Problem to solve> Excluding every picture, print exactly the lines from the one containing "Pig is a data" through the end of the material below, both ends included.

Dataset excerpt>
----------------------------------------
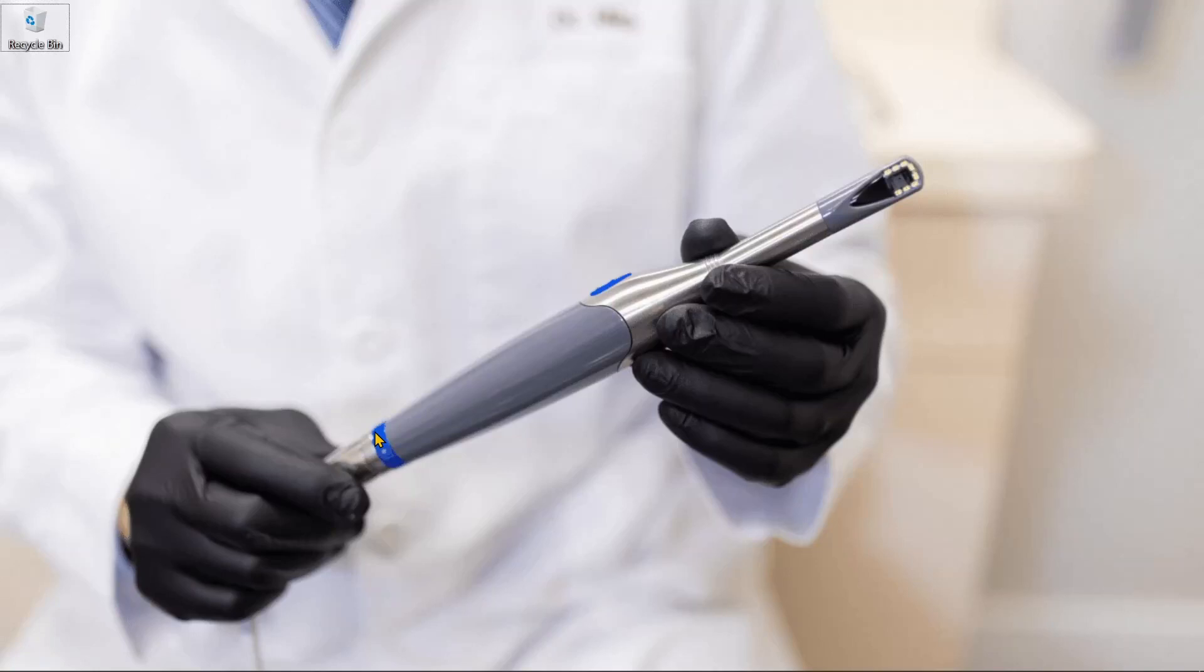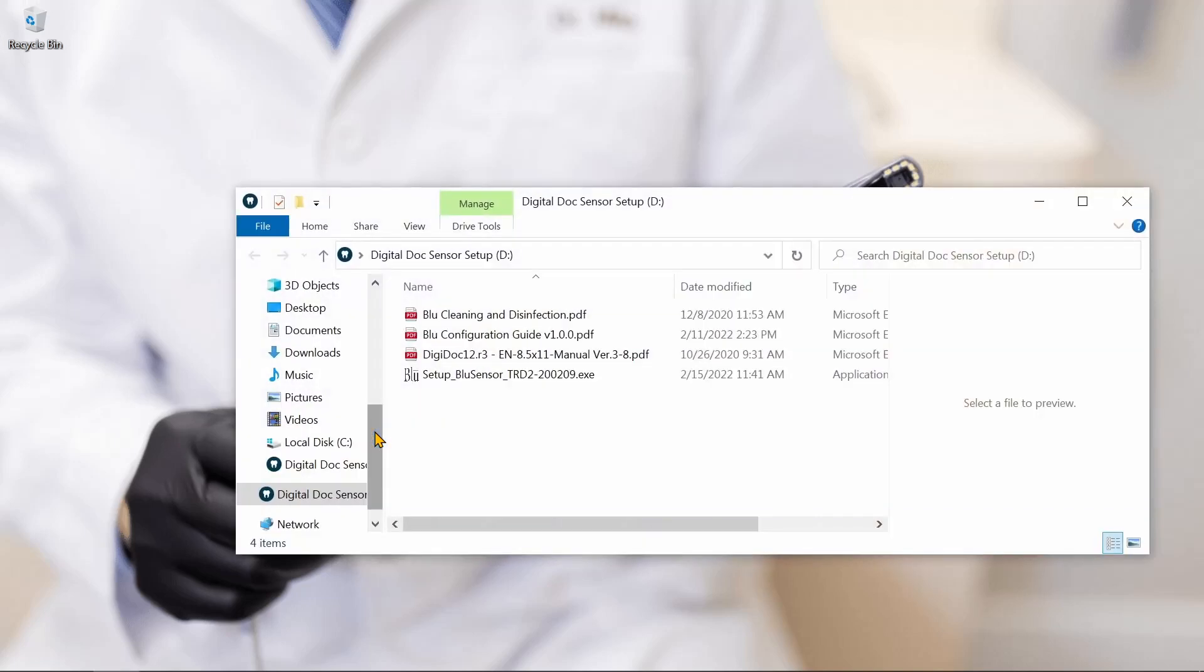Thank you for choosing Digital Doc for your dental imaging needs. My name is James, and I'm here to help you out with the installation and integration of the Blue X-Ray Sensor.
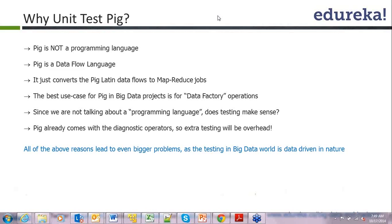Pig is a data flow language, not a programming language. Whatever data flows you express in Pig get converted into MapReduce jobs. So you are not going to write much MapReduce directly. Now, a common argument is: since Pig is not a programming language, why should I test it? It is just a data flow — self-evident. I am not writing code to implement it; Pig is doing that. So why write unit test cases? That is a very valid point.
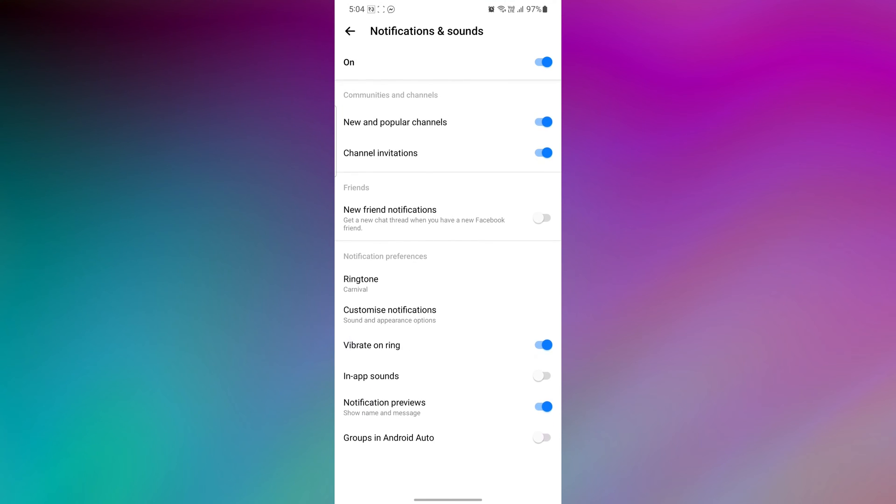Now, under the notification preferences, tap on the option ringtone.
----------------------------------------
Response to this task>
Pig is a data flow language, not a programming language. Whatever data flows you express in Pig get converted into MapReduce jobs. So you are not going to write much MapReduce directly. Now, a common argument is: since Pig is not a programming language, why should I test it? It is just a data flow — self-evident. I am not writing code to implement it; Pig is doing that. So why write unit test cases? That is a very valid point.
Now, under the notification preferences, tap on the option ringtone.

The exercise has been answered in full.